[Opening Source records section]
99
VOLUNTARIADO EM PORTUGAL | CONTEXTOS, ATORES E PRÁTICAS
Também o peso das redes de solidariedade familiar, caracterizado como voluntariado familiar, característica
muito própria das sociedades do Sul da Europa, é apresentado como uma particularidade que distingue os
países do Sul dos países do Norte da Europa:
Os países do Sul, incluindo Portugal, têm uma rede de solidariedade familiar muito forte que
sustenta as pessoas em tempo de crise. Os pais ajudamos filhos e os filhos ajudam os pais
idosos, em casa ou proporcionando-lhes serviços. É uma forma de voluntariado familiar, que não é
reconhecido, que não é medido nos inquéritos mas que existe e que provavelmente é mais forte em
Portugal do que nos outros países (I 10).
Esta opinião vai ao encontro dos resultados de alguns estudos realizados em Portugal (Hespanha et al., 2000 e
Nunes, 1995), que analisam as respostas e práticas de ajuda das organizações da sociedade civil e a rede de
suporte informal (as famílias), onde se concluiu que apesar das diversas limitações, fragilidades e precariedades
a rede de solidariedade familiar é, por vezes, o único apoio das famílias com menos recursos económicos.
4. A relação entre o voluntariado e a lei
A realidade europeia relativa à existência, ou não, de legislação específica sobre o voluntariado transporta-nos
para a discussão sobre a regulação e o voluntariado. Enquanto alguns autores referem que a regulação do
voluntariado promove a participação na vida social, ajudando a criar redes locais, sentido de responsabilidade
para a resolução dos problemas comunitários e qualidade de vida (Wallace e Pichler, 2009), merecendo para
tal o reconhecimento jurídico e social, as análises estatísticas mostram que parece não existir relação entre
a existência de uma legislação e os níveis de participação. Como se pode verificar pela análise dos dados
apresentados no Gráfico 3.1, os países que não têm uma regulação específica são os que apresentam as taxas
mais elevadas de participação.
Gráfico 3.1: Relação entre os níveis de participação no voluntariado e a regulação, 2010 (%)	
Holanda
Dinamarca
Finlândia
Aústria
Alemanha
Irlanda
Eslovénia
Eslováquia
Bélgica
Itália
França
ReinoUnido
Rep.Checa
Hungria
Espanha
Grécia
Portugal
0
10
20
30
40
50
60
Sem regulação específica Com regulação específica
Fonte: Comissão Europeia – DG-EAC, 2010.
[Closing Source records section]
__About this task__
Would you retype the lines above from the one with "Nunes, 1995), que" down to the one with "voluntariado promove a", word for word, both ends included and no other lines?

__Solution__
Nunes, 1995), que analisam as respostas e práticas de ajuda das organizações da sociedade civil e a rede de
suporte informal (as famílias), onde se concluiu que apesar das diversas limitações, fragilidades e precariedades
a rede de solidariedade familiar é, por vezes, o único apoio das famílias com menos recursos económicos.
4. A relação entre o voluntariado e a lei
A realidade europeia relativa à existência, ou não, de legislação específica sobre o voluntariado transporta-nos
para a discussão sobre a regulação e o voluntariado. Enquanto alguns autores referem que a regulação do
voluntariado promove a participação na vida social, ajudando a criar redes locais, sentido de responsabilidade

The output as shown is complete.